**WHAT NEEDS TO BE DONE**
Transcribe every record verbatim; no pictures.

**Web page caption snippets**
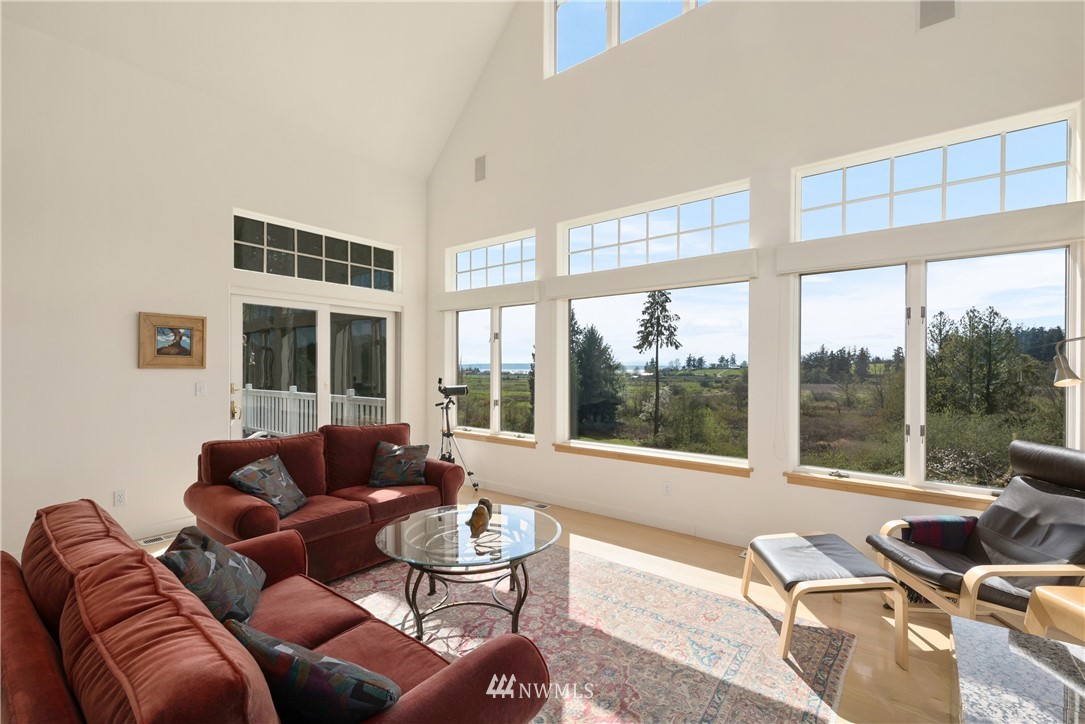 7230 Bailey Road Clinton, WA 98236 - Photo 10 of 40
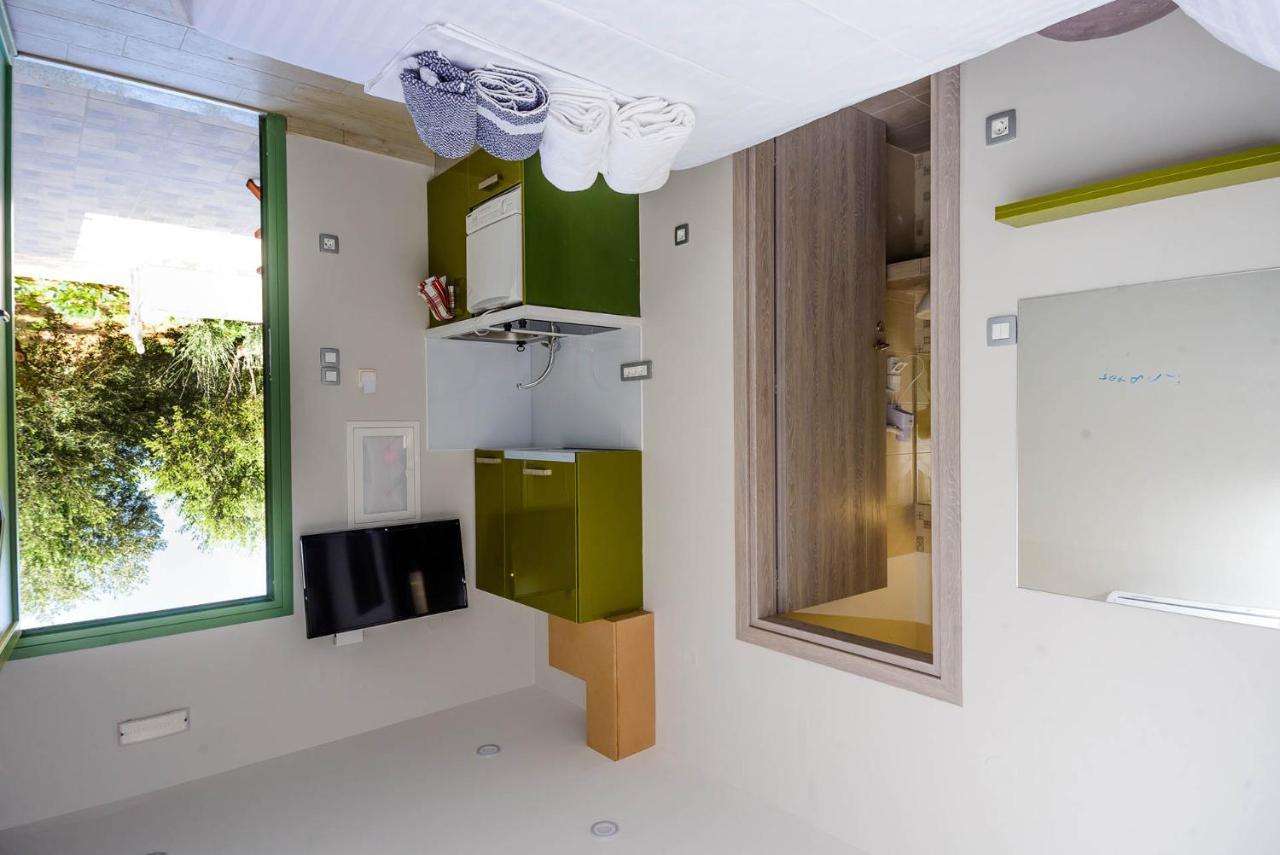 Tzogias Apartments Nonna Studio Lassi  Bagian luar foto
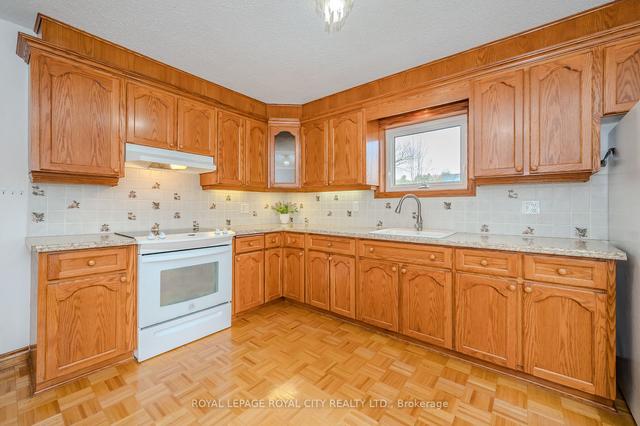 2 Beverley St, House detached with 2 bedrooms, 4 bathrooms and 6 parking in Guelph ON | Image 40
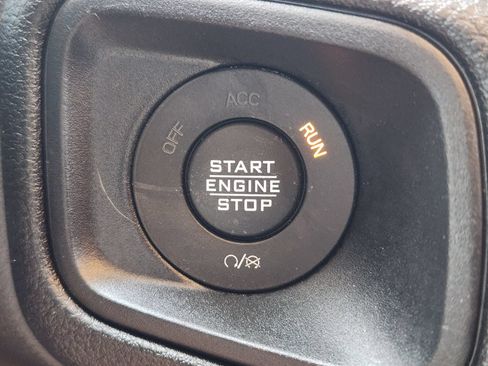 Used 2025 Jeep Wrangler Unlimited Sport AWD/4WD image 24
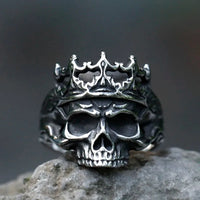 Gothic Crowned Skull Ring — vista frontale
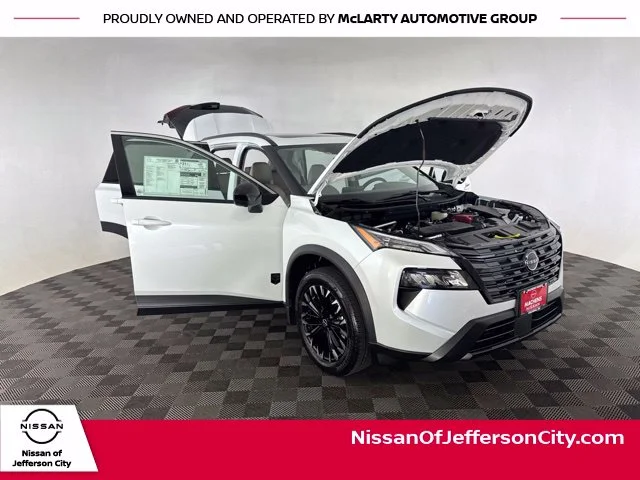 New 2026 Everest White Pearl TriCoat Nissan Dark Armor™ image 12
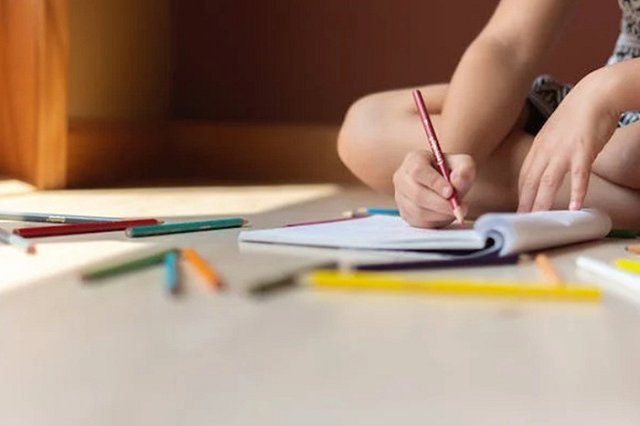 В свердловском детсаду 3-летняя девочка выпила растворитель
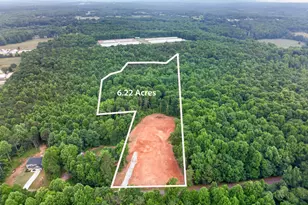 135 Jarrett Ln, Gillsville, GA 30543 - Photo 1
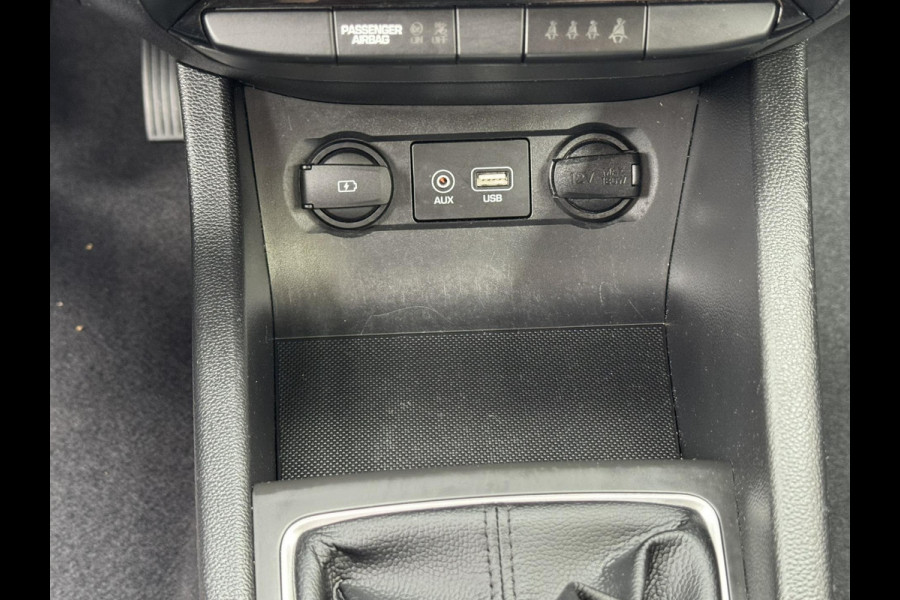 Hyundai i20 1.0 T-GDI Premium Dealer onderhouden Cruise control Climate control Parkeersensoren v/a Navigatie Apple / Android DAB Hyundai i20 1.0 T-GDI Premium Dealer onderhouden Cruise control Climate control Parkeersensoren v/a Navigatie Apple / Android DAB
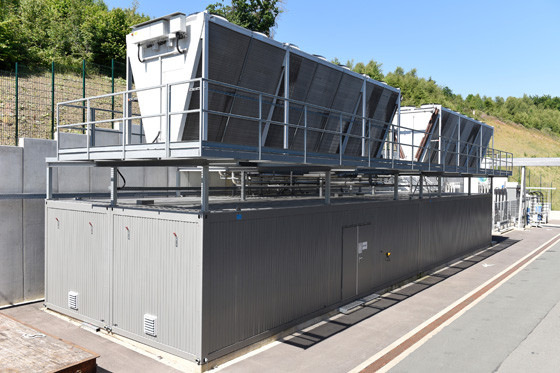 Das technotrans-Kühlsystem besteht aus einer Containerlösung, die 22 x 6 x 7 Meter misst und eine Kühlleistung von zwei Megawatt erzeugt.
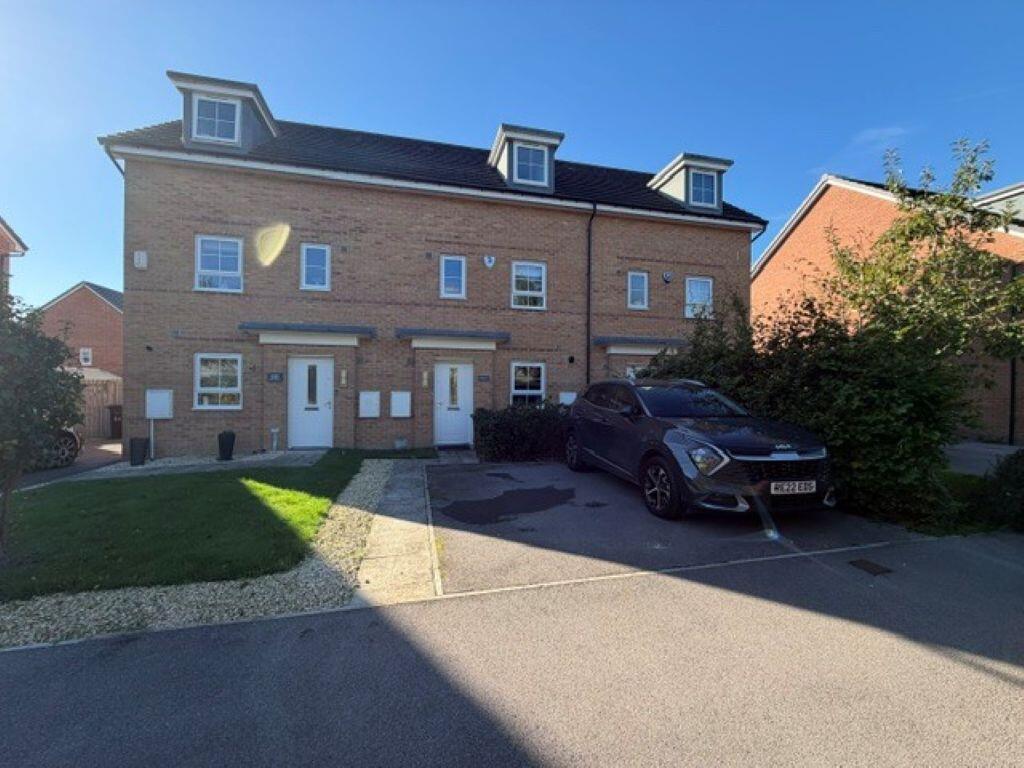 4-bed house on Station Road, Methley, Leeds, £305,000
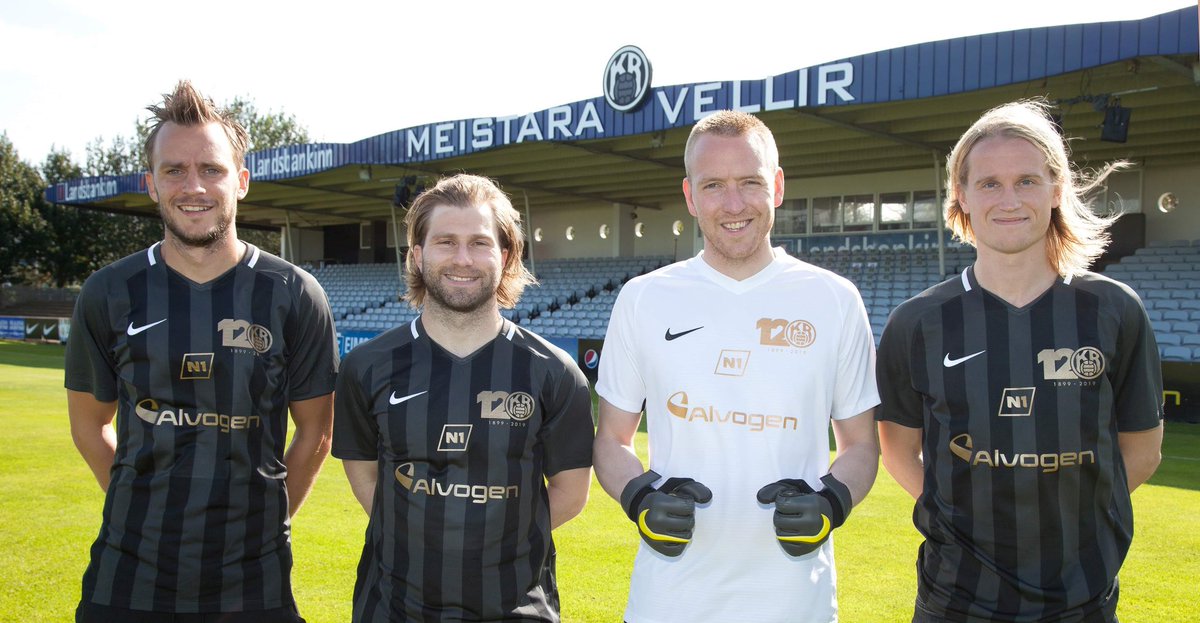 Þokkalega sáttur með útkomuna - fékk þann heiður að græja 120 ára afmælisbúning KR frá A-Ö #allirsemeinn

**SOLUTION TO THIS EXERCISE**
 7230 Bailey Road Clinton, WA 98236 - Photo 10 of 40
 Tzogias Apartments Nonna Studio Lassi  Bagian luar foto
 2 Beverley St, House detached with 2 bedrooms, 4 bathrooms and 6 parking in Guelph ON | Image 40
 Used 2025 Jeep Wrangler Unlimited Sport AWD/4WD image 24
 Gothic Crowned Skull Ring — vista frontale
 New 2026 Everest White Pearl TriCoat Nissan Dark Armor™ image 12
 В свердловском детсаду 3-летняя девочка выпила растворитель
 135 Jarrett Ln, Gillsville, GA 30543 - Photo 1
 Hyundai i20 1.0 T-GDI Premium Dealer onderhouden Cruise control Climate control Parkeersensoren v/a Navigatie Apple / Android DAB Hyundai i20 1.0 T-GDI Premium Dealer onderhouden Cruise control Climate control Parkeersensoren v/a Navigatie Apple / Android DAB
 Das technotrans-Kühlsystem besteht aus einer Containerlösung, die 22 x 6 x 7 Meter misst und eine Kühlleistung von zwei Megawatt erzeugt.
 4-bed house on Station Road, Methley, Leeds, £305,000
 Þokkalega sáttur með útkomuna - fékk þann heiður að græja 120 ára afmælisbúning KR frá A-Ö #allirsemeinn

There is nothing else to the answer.